The oral arguments in the case were generally considered to have gone favorably towards New Jersey, and many commentators believed that the Supreme Court would find that PASPA was unconstitutional. In anticipation of the Court's ruling, several states began setting legislation in place to allow for legal sports gambling contingent on the results of the Supreme Court case. By June 5, 2018, Delaware became the first state other than Nevada to legalize sports gambling in the wake of the court decision. The New Jersey legislature had prepared a bill legalizing sports gambling prior to the Supreme Court ruling and upon the Court's decision formally introduced the bill the same day; the bill had undergone several revisions, and had passed both houses and signed into law by Governor Murphy by June 11, 2018.

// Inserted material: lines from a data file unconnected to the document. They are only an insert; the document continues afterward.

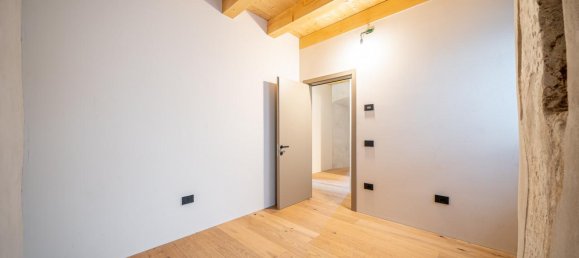 3-Zimmer Wohnung in Trento, Italy, Nr. 235133 14
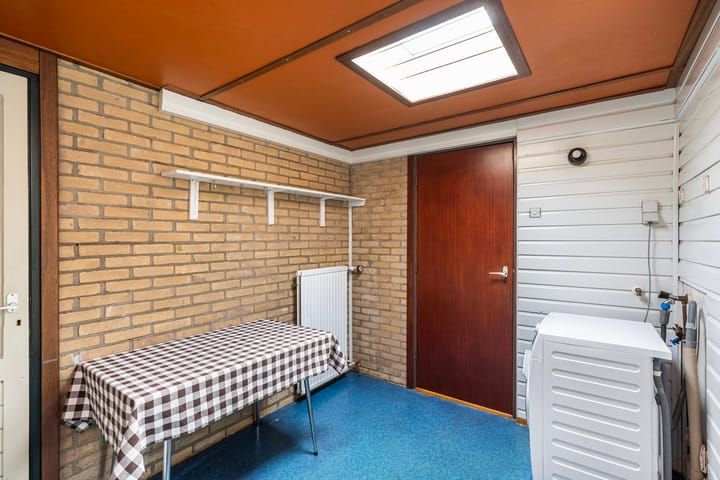 Foto 18 van Pastoriestraat 51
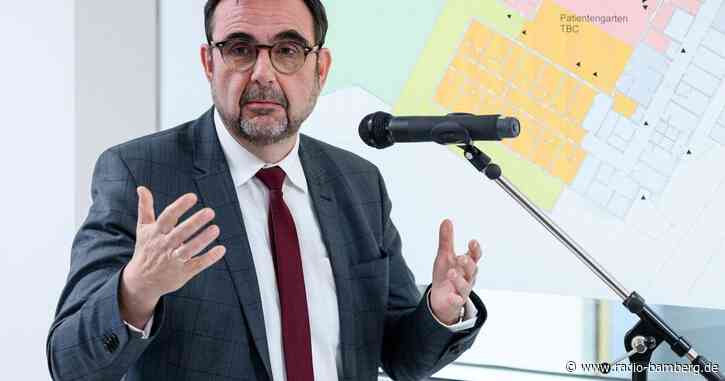 Holetschek fordert neuen Vorstoß für Impfpflicht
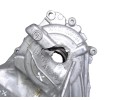 Caja transfer, Bmw Serie X4 (G02) M40 I 2021, 7884831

In some cases, the leagues became involved in helping to establish the legislation to be favorable for them as well in the event that the court found for New Jersey. The professional leagues, like the NFL, NBA, and NHL, also indicated that they would agree to federally-regulated sports gambling and were preparing their teams, owners, and players for this possibility. The NCAA, representing non-professional players, was more vocal about such allowances unless gambling on college or amateur sports remained banned. The Supreme Court decision only impacted intrastate sports gambling schemes because interstate sports gambling remains illegal under the Federal Wire Act.

With the Court finding in favor of New Jersey, observers believed that its ruling would impact other current federal laws in place that potentially could be considered to have commandeered power from the states and other challenges related to the Tenth Amendment, such as gun ownership rights, immigration enforcement (such as penalizing sanctuary cities), and the legalization of marijuana under state law.